Where can I use my water right? Can I change the location, or make it bigger?
Water rights most often have a place of use. The place of use may be defined in a court decree or adjudication, and shown on an associated map. In most court decrees, the place of the use for a water right is “forever”, unless another case comes up to change that place.
For pre-1914 rights which are not part of a court decree, the place of use is defined…somewhere. Hopefully the water right holder has an old map, or evidence that the farm or ranch has the same boundaries today that it did when water started being used. The map might be in the attic, or someone may have sent a copy of the map to the State Water Resources Control Board.

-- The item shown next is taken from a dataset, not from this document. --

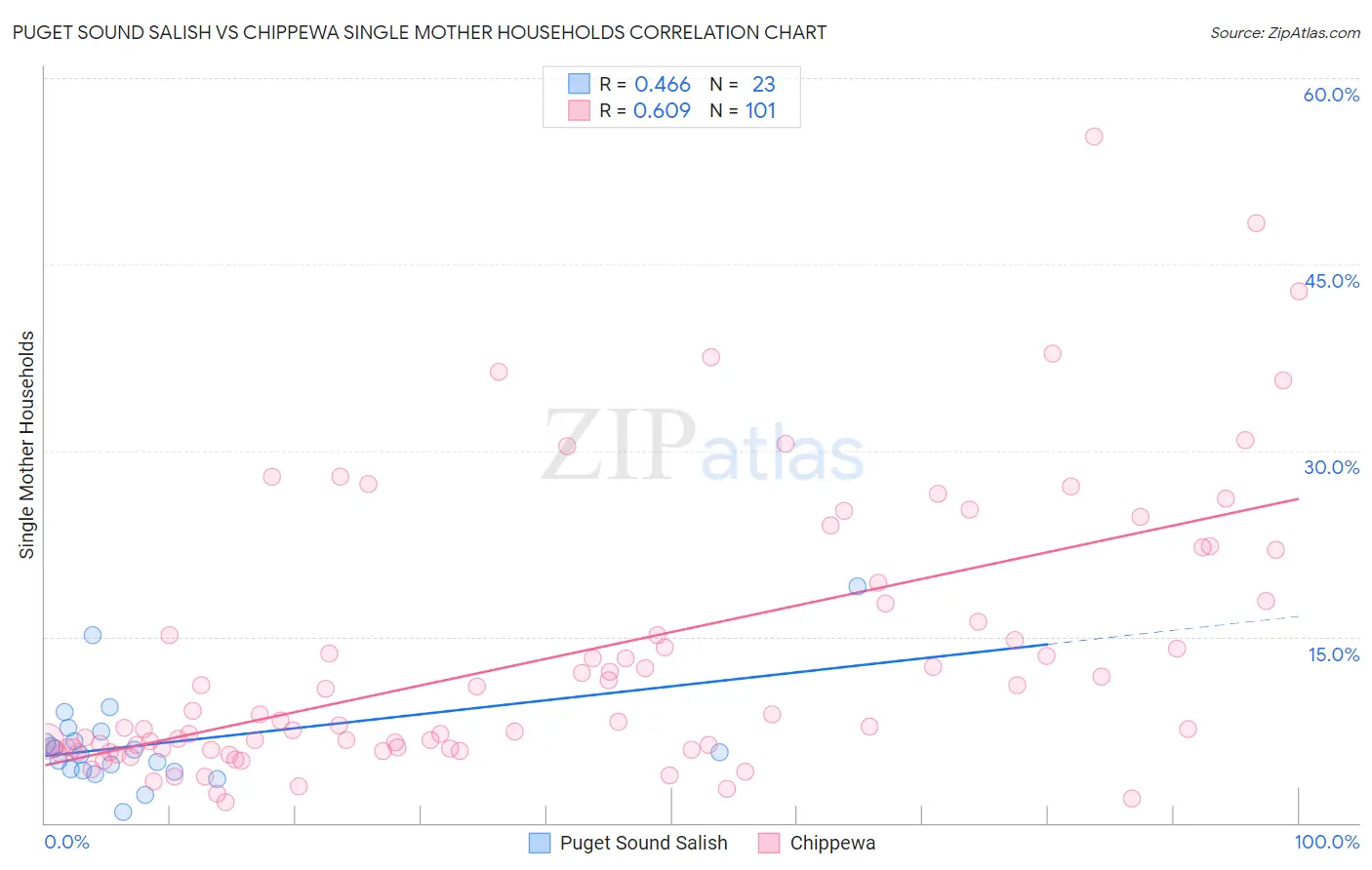 Puget Sound Salish vs Chippewa Single Mother Households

Riparian rights belong to parcels touching a stream, natural lake, or spring. The requirement for us is that it be reasonable and beneficial. So the place of use might be a whole parcel of ownership, or part of it, but the place of use cannot be off that parcel. Riparian rights are defined by the California State Constitution, but the place of use is not defined except that it has to touch the water.
Post-1914 rights issued by the State Water Resources Control Board, and used under a permit or license, have the place of use defined. It might be by 1/4 1/4 Section, or 40-acre pieces. It might be by coordinates in a surveying system, such as the California Coordinate System. Sometimes there are maps with permits and licenses, sometimes not.
This is a quick summary of the concept of place of use. We’ll go into more detail later, with some examples. For now, good night to all.